30 When Jehu came to Jezreel, Jezebel heard of it. And she painted her eyes and adorned her head and looked out of the window. 31 And as Jehu entered the gate, she said, “Is it peace, you Zimri, murderer of your master?” 32 And he lifted up his face to the window and said, “Who is on my side? Who?” Two or three eunuchs looked out at him. 33 He said, “Throw her down.” So they threw her down. And some of her blood spattered on the wall and on the horses, and they trampled on her. 34 Then he went in and ate and drank. And he said, “See now to this cursed woman and bury her, for she is a king's daughter.” 35 But when they went to bury her, they found no more of her than the skull and the feet and the palms of her hands. 36 When they came back and told him, he said, “This is the word of the Lord, which he spoke by his servant Elijah the Tishbite: ‘In the territory of Jezreel the dogs shall eat the flesh of Jezebel, 37 and the corpse of Jezebel shall be as dung on the face of the field in the territory of Jezreel, so that no one can say, This is Jezebel.’”"
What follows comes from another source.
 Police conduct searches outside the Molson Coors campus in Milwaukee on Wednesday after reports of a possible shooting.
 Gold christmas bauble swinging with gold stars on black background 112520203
The nemesis continues, and judgment rolls on like some huge, remorseless machine moving inexorably against all that stands in its way. Ahaziah, king of Judah is caught up in it, to his consternation. Ah, he that sups with the devil must use a long spoon, and Ahaziah's was not long enough by far. Let us see the needlessness of this tragedy. Judah might have been under the favour of God, for her kings had not sunk to the level of sin found in the northern kingdom. But foolhardy alliances with Israel's kings brought Judah into complicity with the northern evils, and consequently with their judgments also. This is one very practical, down-to-earth argument against the unequal yoke - it is too dangerous, and one has to pay dearly for it - too dearly, as Ahaziah found to his cost.
The fate of Jezebel makes grim and horrible reading, and it befell her as the man of God had prophesied. And she was brazen to the last (30). We have already commented upon the frenzy and madness that is the final issue of sin, and this is borne out in this passage in the final scene of Jezebel's sinful career. She died as she had lived, in baleful enmity against the living God. Is it not a terrible, frightening picture?